BEGIN GIVEN DATA
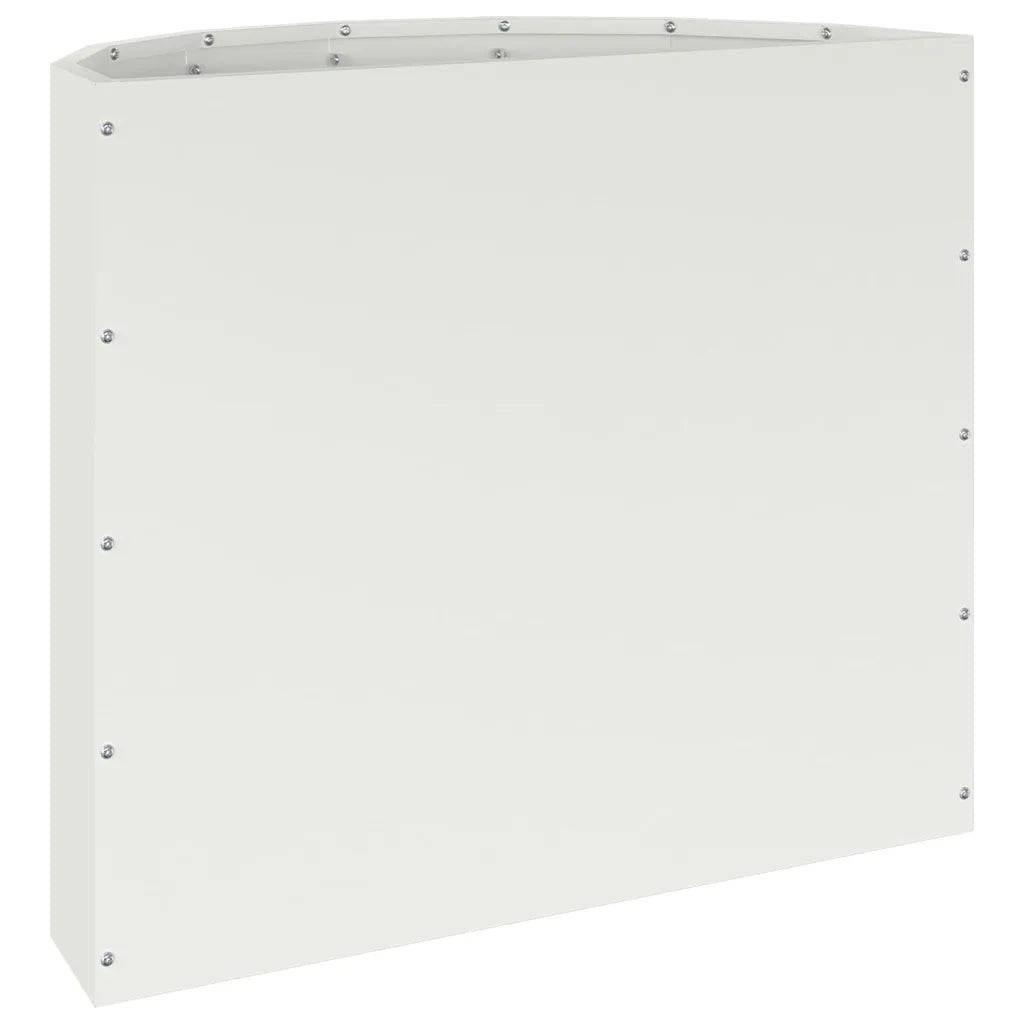 Helloshop26 - Jardinière demi-ronde moderne extérieur 60 x 30 x 50 cm esthétique chic en acier blanc - Image 4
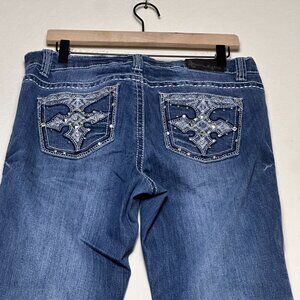 Soundgirl Denim Jean Pant Women 13 Blue Flared Bootcut Y2K Western Punk Rock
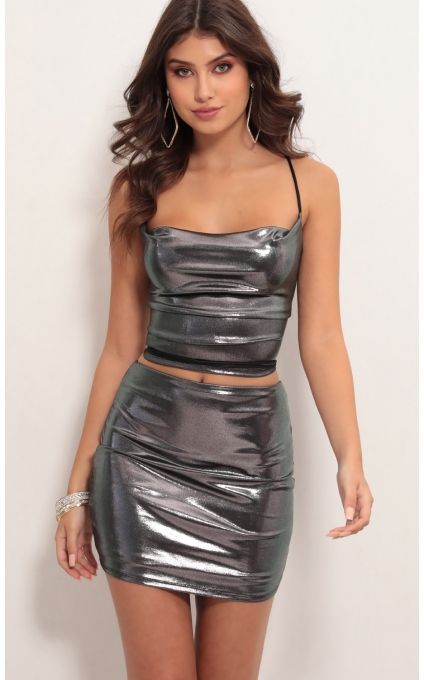 Skirts > Manda Metallic Set in Iridescent Silver Kapten Marvel, Classy Edgy, Women Silk Dress, Sunset Blvd, Vinyl Clothing, Shiny Dresses, Metal Clothing, Hour Glass, Shiny Clothes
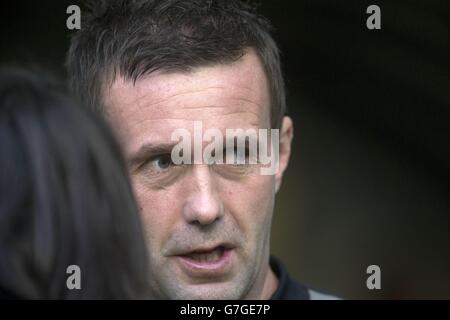 Celtic-Manager Ronny Deila vor dem Spiel der schottischen Premiership im Celtic Park, Glasgow. Stockfoto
END GIVEN DATA
_WHAT YOU HAVE TO DO_
Leaving the pictures out, output each line of the listing exactly.

_WRITTEN SOLUTION_
 Helloshop26 - Jardinière demi-ronde moderne extérieur 60 x 30 x 50 cm esthétique chic en acier blanc - Image 4
 Soundgirl Denim Jean Pant Women 13 Blue Flared Bootcut Y2K Western Punk Rock
 Skirts > Manda Metallic Set in Iridescent Silver Kapten Marvel, Classy Edgy, Women Silk Dress, Sunset Blvd, Vinyl Clothing, Shiny Dresses, Metal Clothing, Hour Glass, Shiny Clothes
 Celtic-Manager Ronny Deila vor dem Spiel der schottischen Premiership im Celtic Park, Glasgow. Stockfoto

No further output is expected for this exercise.